- La Réserve fédérale a proposé une règle visant à éliminer le « risque de réputation » de la supervision bancaire.
- Les législateurs et l’industrie ont invoqué la débancarisation liée à une pression réglementaire subjective.
- Les commentaires publics façonneront une règle finale qui pourrait changer de façon permanente la surveillance bancaire américaine.
Le Conseil de la Réserve fédérale a demandé des commentaires publics le 23 février 2026 afin de supprimer définitivement le « risque de réputation » de la supervision bancaire. La vice-présidente Michelle Bowman dirige cet effort visant à recentrer la supervision strictement sur les risques financiers fondamentaux.
Cette proposition s’attaque à la débancarisation des entreprises légales, y compris les sociétés d’actifs numériques, en interdisant aux examinateurs de faire pression sur les banques en raison de préoccupations subjectives de réputation. Cette initiative s’appuie sur la décision de juin 2025 et vise à mettre fin à des perçus excessifs réglementaires comme l’Opération Chokepoint 2.0.
Pourquoi la suppression du « risque de réputation » est importante
La vice-présidente Michelle W. Bowman a souligné que le risque de réputation est une norme vague et subjective qui détourne l’attention de la supervision des risques financiers fondamentaux tels que le crédit, la liquidité et l’exposition au marché. La proposition de la Réserve fédérale codifie la suppression du risque de réputation de la supervision, s’appuyant sur sa décision de juin 2025 de l’éliminer des programmes d’examen bancaire.
« Nous avons entendu des cas préoccupants de débancarisation — où des superviseurs utilisent leurs préoccupations concernant le risque de réputation pour faire pression sur les institutions financières à retirer leurs clients en raison de leurs opinions politiques, de leurs convictions religieuses ou de leur implication dans des entreprises défavorisées mais légales », a déclaré Bowman.

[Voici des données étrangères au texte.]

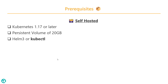Before we get started, make sure you have the AWS EKS up and running with the latest version of Kubernetes, and then make sure you have a persistent volume of 20 GB, and make sure you have Helm 3 or kubectl. In this demo, we are going to leverage kubectl.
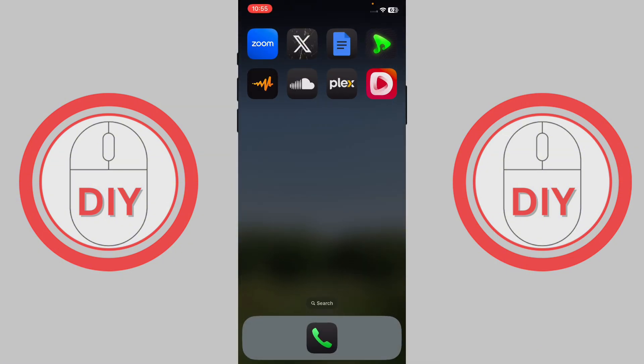And that's it — that's how you change your Twitter display name. I hope this video helped you out. Please leave a like and consider subscribing to the channel. Until then, goodbye!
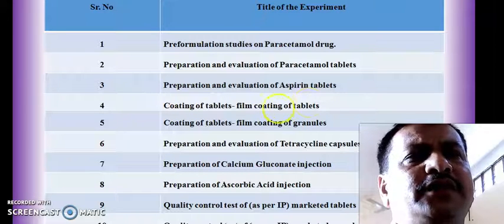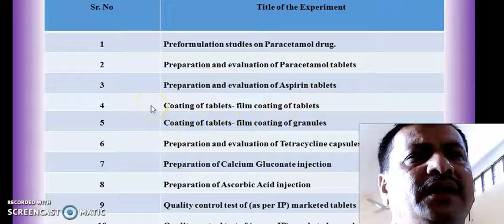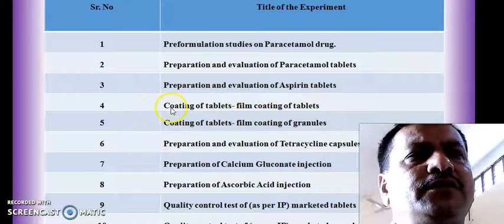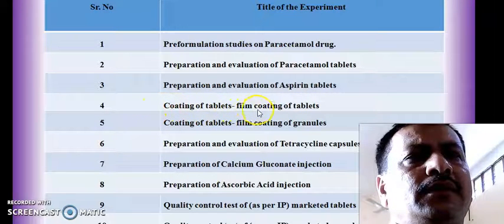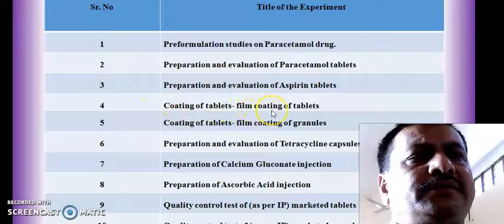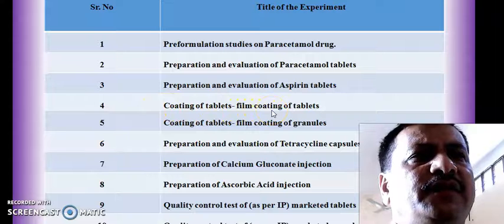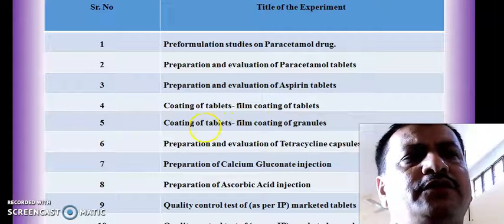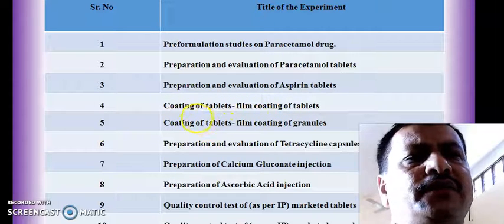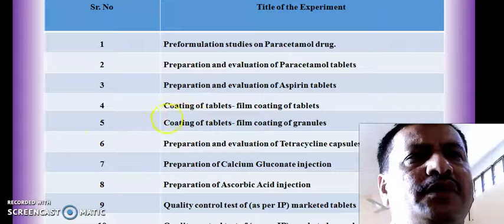The fourth experiment is regarding paracetamol tablets, in which we are going to prepare paracetamol tablets with the help of film coating by using suitable film coating polymers.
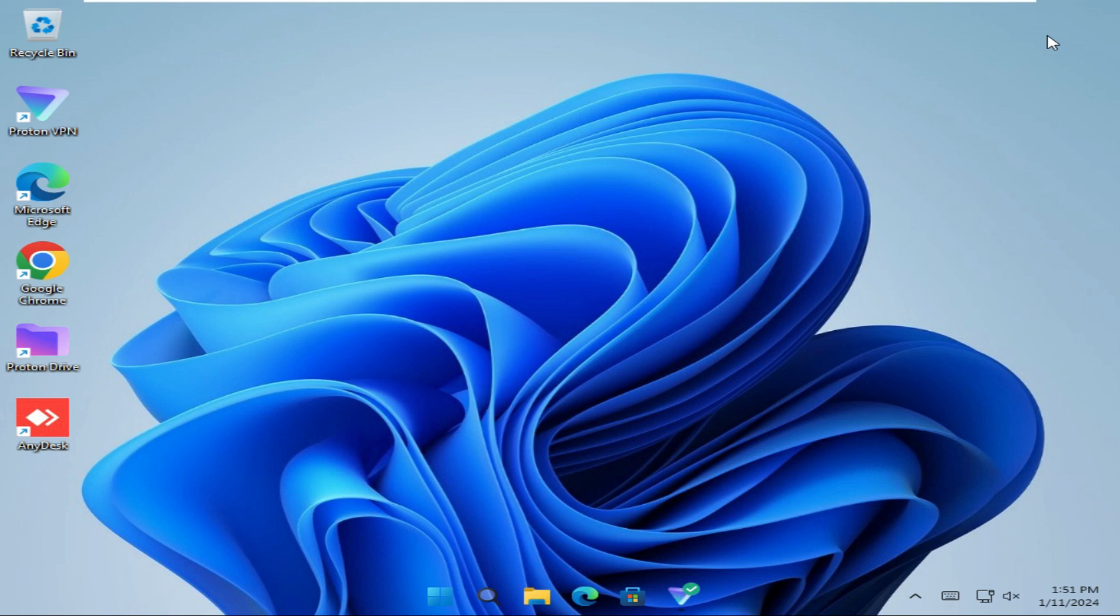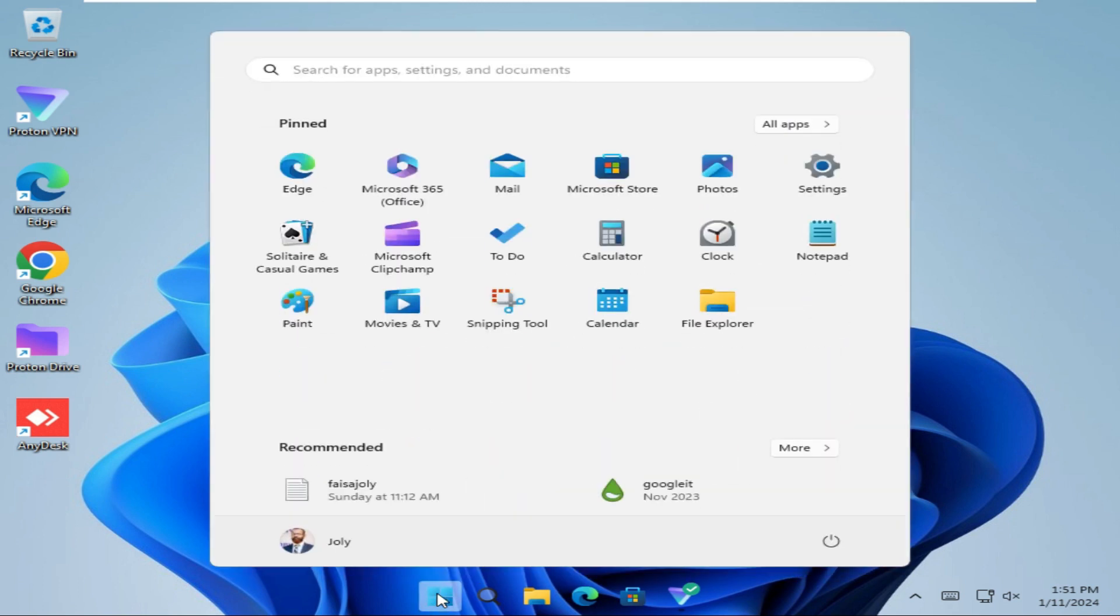To turn on autoplay, click on Start menu. Click on Settings.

La proposition supprime cet outil pour éviter une supervision biaisée, en se concentrant sur les risques de crédit, de liquidité et de marché tout en assurant une surveillance équitable et basée sur le risque par les Feds.
Le système de débancarisation caché derrière Chokepoint 2.0
Les critiques affirment que le « risque de réputation » a été détourné comme l’Opération Chokepoint 2.0, une relance moderne du programme Obama qui faisait pression sur les banques pour abandonner les secteurs légaux mais ciblés. Selon le rapport du 30 novembre 2025 de la commission des services financiers de la Chambre, les régulateurs de l’ère Biden, dirigés par la Fed, ont détourné les outils de supervision pour mettre hors banque au moins 30 sociétés et individus d’actifs numériques.
Des cas clés montrant comment la débancarisation des cryptomonnaies a touché les principaux acteurs incluent Anchorage Digital lorsqu’elle a perdu son compte d’entreprise en juin 2023, forçant une réduction de 20 % de la main-d’œuvre ; Marathon Digital Holdings a vu 70 millions de dollars gelés seulement six jours après son ouverture ; et les banques ont fermé les comptes personnels du PDG d’Uniswap, Hayden Adams, du PDG de Ripple, Brad Garlinghouse, et du cofondateur de Gemini, Tyler Winklevoss.
« Ce n’est pas le rôle de la Fed de jouer à la fois juge et jury pour les sociétés bancaires d’actifs numériques… mettre fin à l’opération Chokepoint 2.0. » déclara le sénateur Lummis.
Ce que cela signifie pour la crypto et la banque américaine
La proposition de la Réserve fédérale renforce le leadership américain dans les actifs numériques en mettant fin à la perçue utilisation de la réglementation comme arme. Avec le GENIUS Act, qui a établi le premier cadre fédéral pour les stablecoins de paiement avec réserves 1:1, divulgations mensuelles et émetteurs régulés, il permet une émission de stablecoins plus claire et une intégration plus fluide.
Cette proposition renforcera les liens avec les crypto-bancaires, stimulant la liquidité, l’innovation et la participation institutionnelle tout en garantissant la sécurité. En codifiant la suppression du risque de réputation de juin 2025, les banques respectant les normes de capital, de liquidité et de conformité peuvent mener des activités légales mais controversées sans résistance de la supervision, réduisant ainsi les effets dissuasifs.